TASK STATEMENT: Drop every image and restate the entries below word for word.

Dataset entries
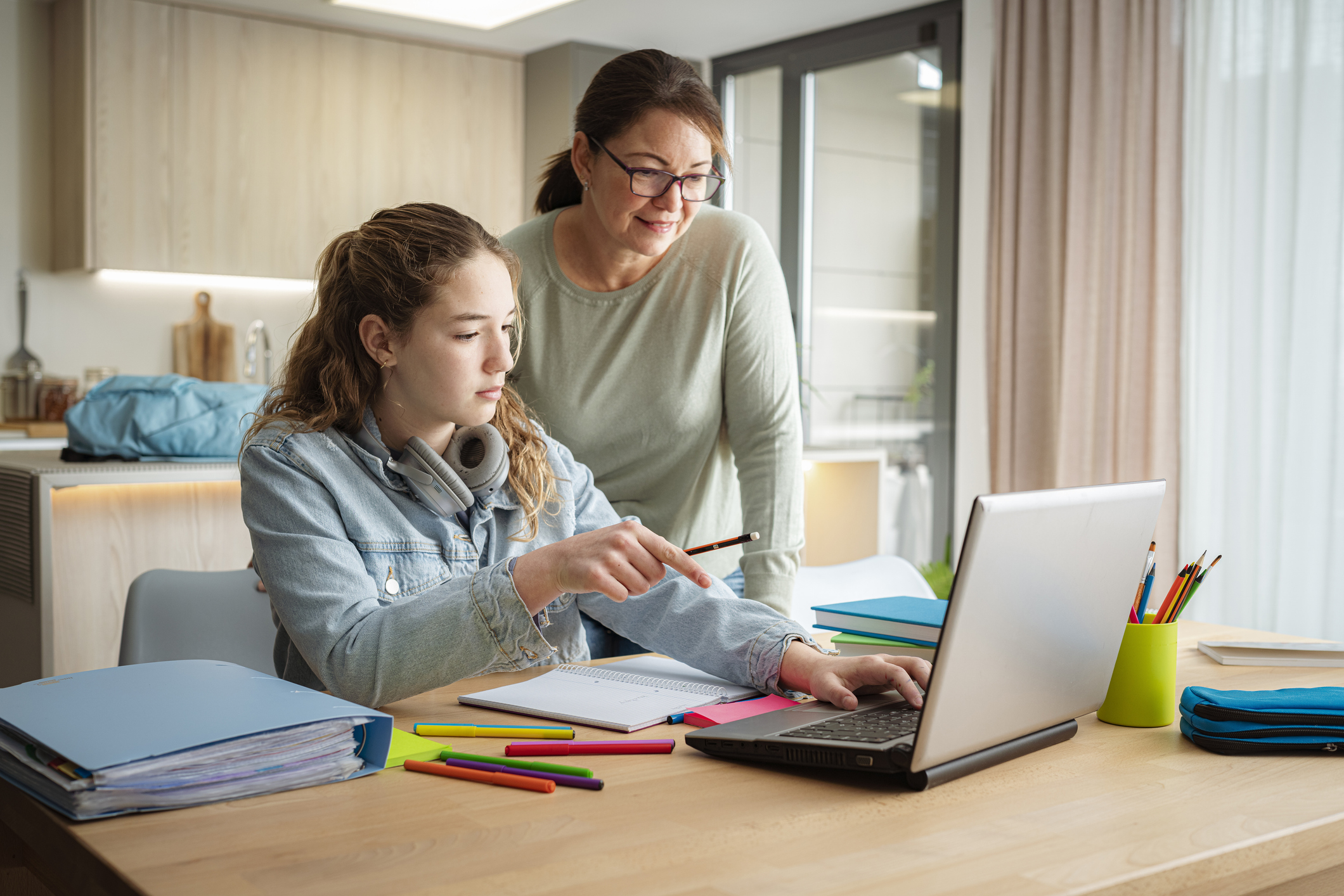 Teen girl working on a laptop with an adult offering guidance, illustrating the importance of support in developing executive functioning skills like planning and task management.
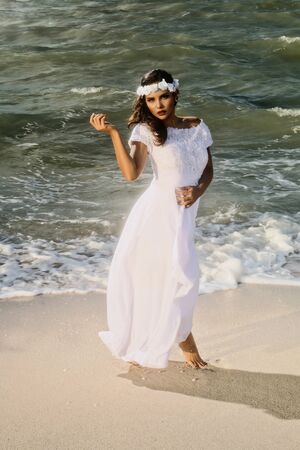 A photo of a beautiful young Latina woman model, dressed in a beautiful designer wedding dress and with headdress, with earrings, walking on the beach and with a very confident attitude and sensual relaxation, looking at the camera, with a sea bottom, colorの写真素材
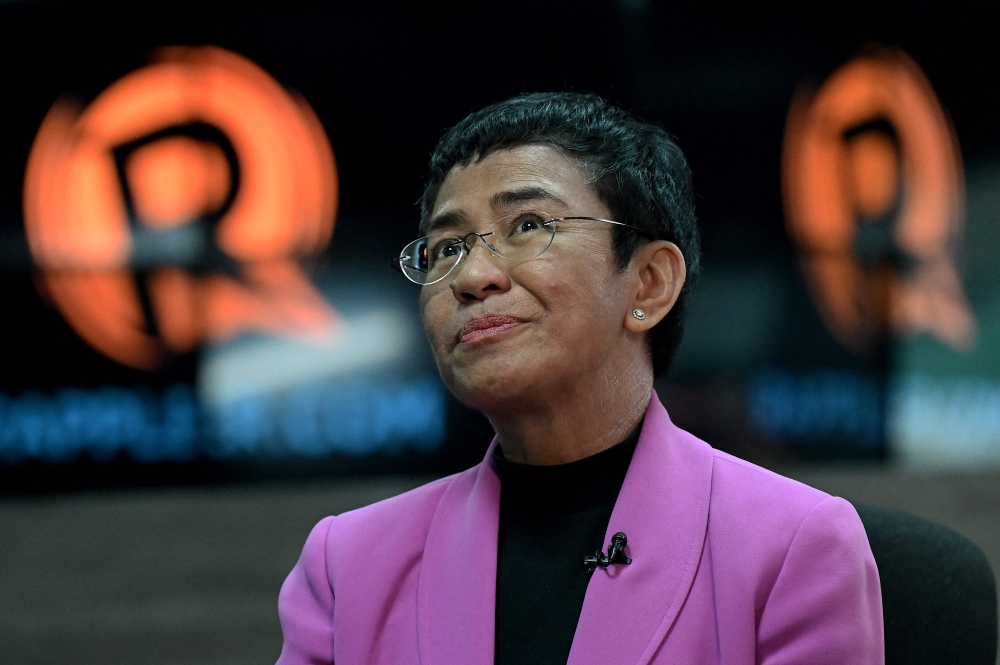 This file photo taken on January 18, 2023 shows Nobel Laureate Maria Ressa talking during an interview with AFP at Rappler offices in Pasig, Metro Manila. Photo by JAM STA ROSA / AFP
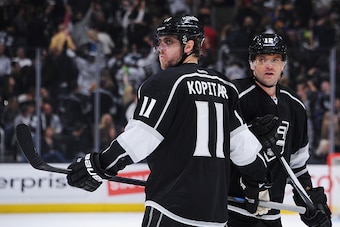 LOS ANGELES, CA - APRIL 02: Anze Kopitar #11 and Marian Gaborik #12 of the Los Angeles Kings look on during a game against the Edmonton Oilers at STAPLES Center on April 02, 2015 in Los Angeles, California. (Photo by Juan Ocampo/NHLI via Getty Images)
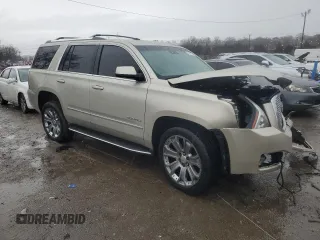 2015 GMC Yukon Denali with VIN 1GKS2CKJ3FR592707, listed as a Copart auction lot 47581575 with 121,326 mi miles and Salvage Title. Bid and sale history available at carsss.com. Image 4.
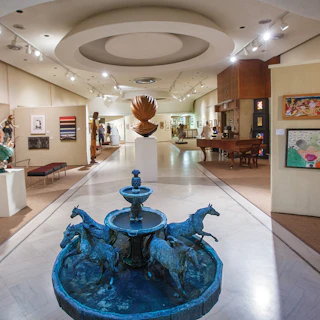 Interior photo of Midwest Museum of American Art in downtown Elkhart featuring sculptures and artwork on the wall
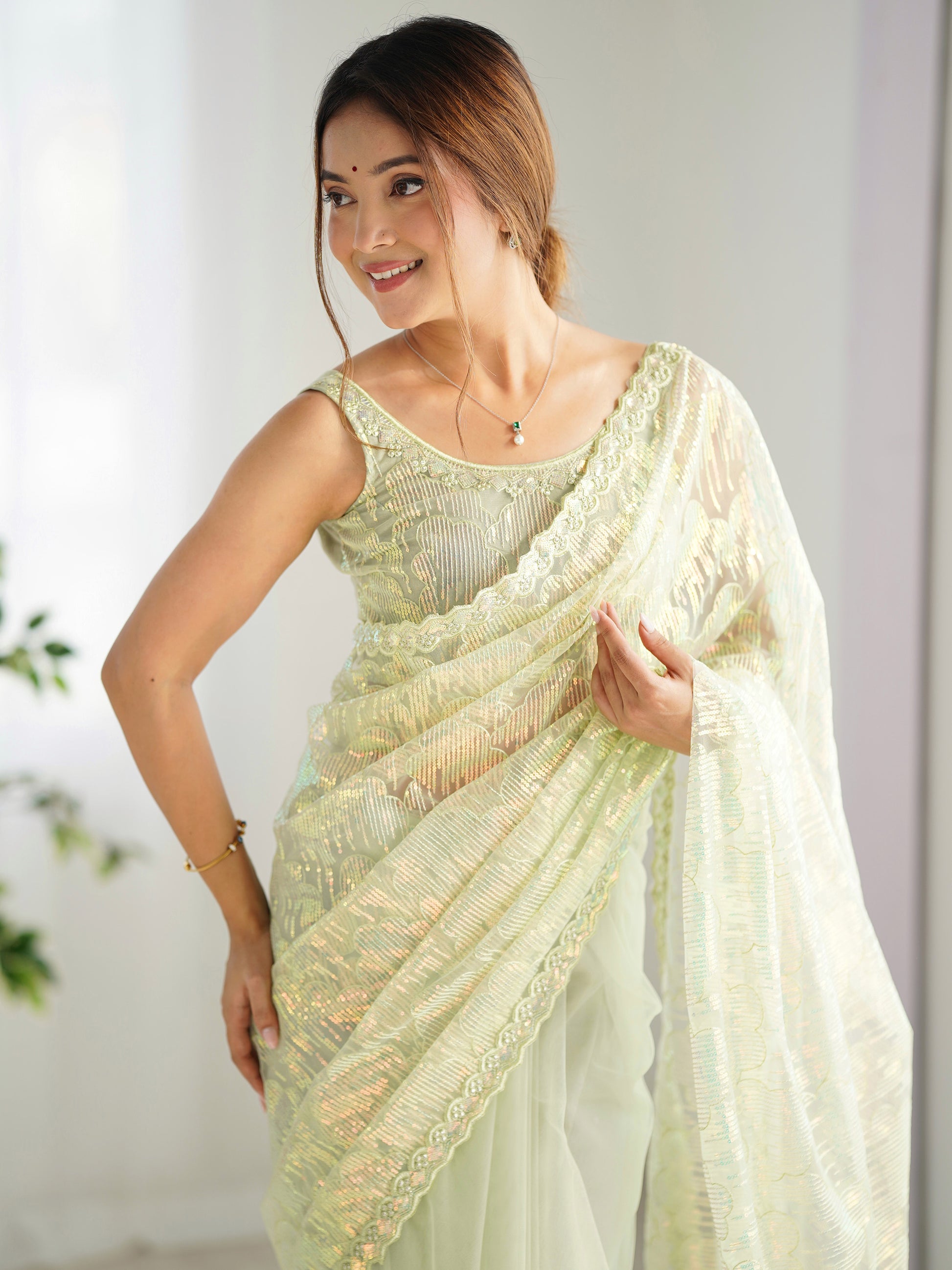 Attractive Pista Green Sequins Net Festival Wear Saree With Blouse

ANSWER TO THIS TASK:
 Teen girl working on a laptop with an adult offering guidance, illustrating the importance of support in developing executive functioning skills like planning and task management.
 A photo of a beautiful young Latina woman model, dressed in a beautiful designer wedding dress and with headdress, with earrings, walking on the beach and with a very confident attitude and sensual relaxation, looking at the camera, with a sea bottom, colorの写真素材
 This file photo taken on January 18, 2023 shows Nobel Laureate Maria Ressa talking during an interview with AFP at Rappler offices in Pasig, Metro Manila. Photo by JAM STA ROSA / AFP
 LOS ANGELES, CA - APRIL 02: Anze Kopitar #11 and Marian Gaborik #12 of the Los Angeles Kings look on during a game against the Edmonton Oilers at STAPLES Center on April 02, 2015 in Los Angeles, California. (Photo by Juan Ocampo/NHLI via Getty Images)
 2015 GMC Yukon Denali with VIN 1GKS2CKJ3FR592707, listed as a Copart auction lot 47581575 with 121,326 mi miles and Salvage Title. Bid and sale history available at carsss.com. Image 4.
 Interior photo of Midwest Museum of American Art in downtown Elkhart featuring sculptures and artwork on the wall
 Attractive Pista Green Sequins Net Festival Wear Saree With Blouse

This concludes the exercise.